ABOUT THIS TASK: Identify the line with "Mercury Financial logo"; copy word for word that line and every one after it, to the end of the listing. Exclude pictures.

Top of INFORMATION

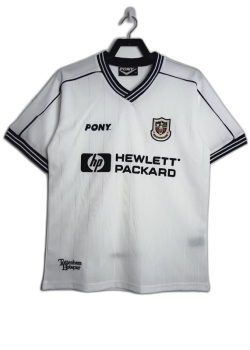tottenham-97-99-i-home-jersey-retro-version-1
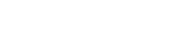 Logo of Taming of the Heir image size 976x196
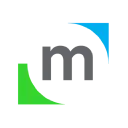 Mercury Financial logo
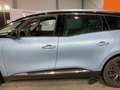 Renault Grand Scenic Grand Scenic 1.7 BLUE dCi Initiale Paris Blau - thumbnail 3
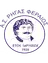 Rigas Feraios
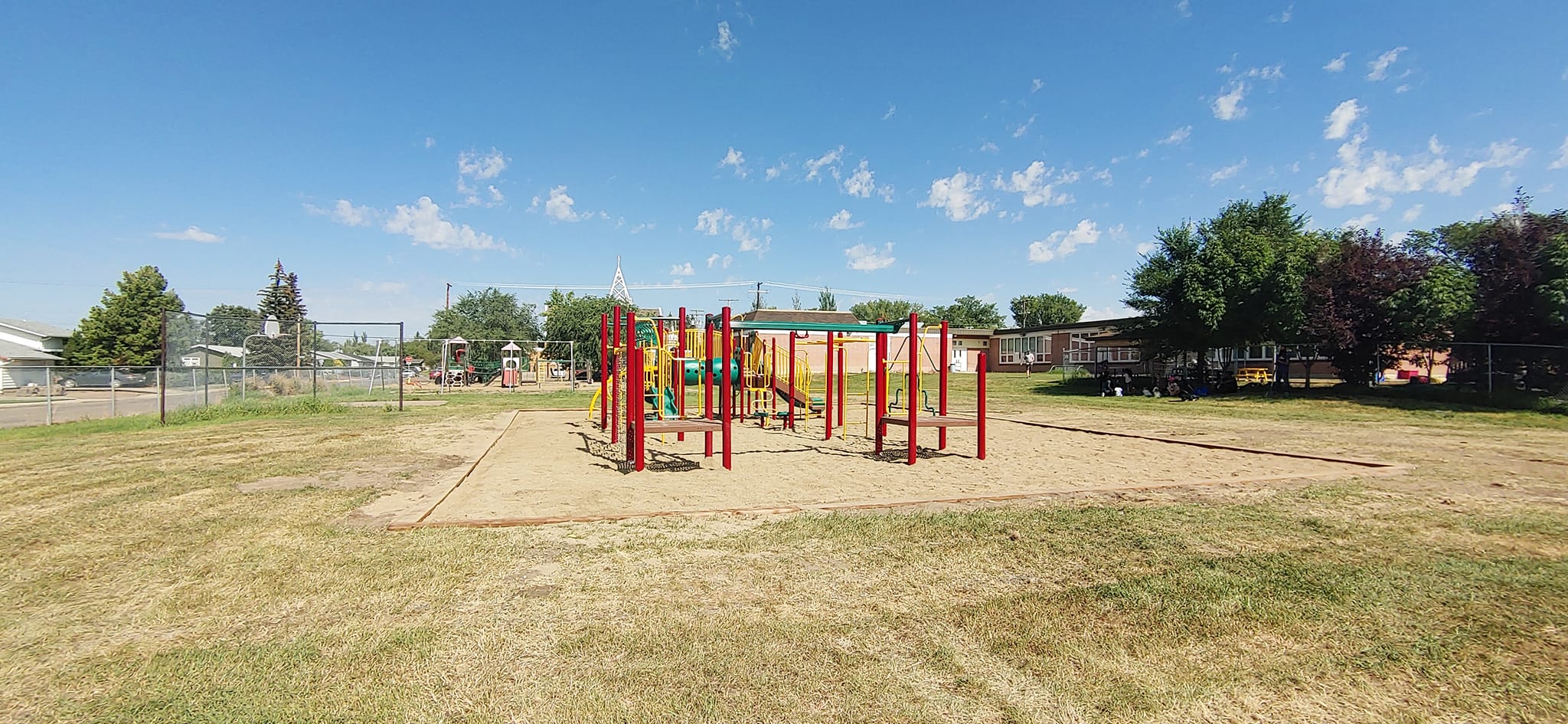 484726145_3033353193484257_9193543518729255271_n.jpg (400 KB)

Bottom of INFORMATION

RESULT OF THIS TASK:
 Mercury Financial logo
 Renault Grand Scenic Grand Scenic 1.7 BLUE dCi Initiale Paris Blau - thumbnail 3
 Rigas Feraios
 484726145_3033353193484257_9193543518729255271_n.jpg (400 KB)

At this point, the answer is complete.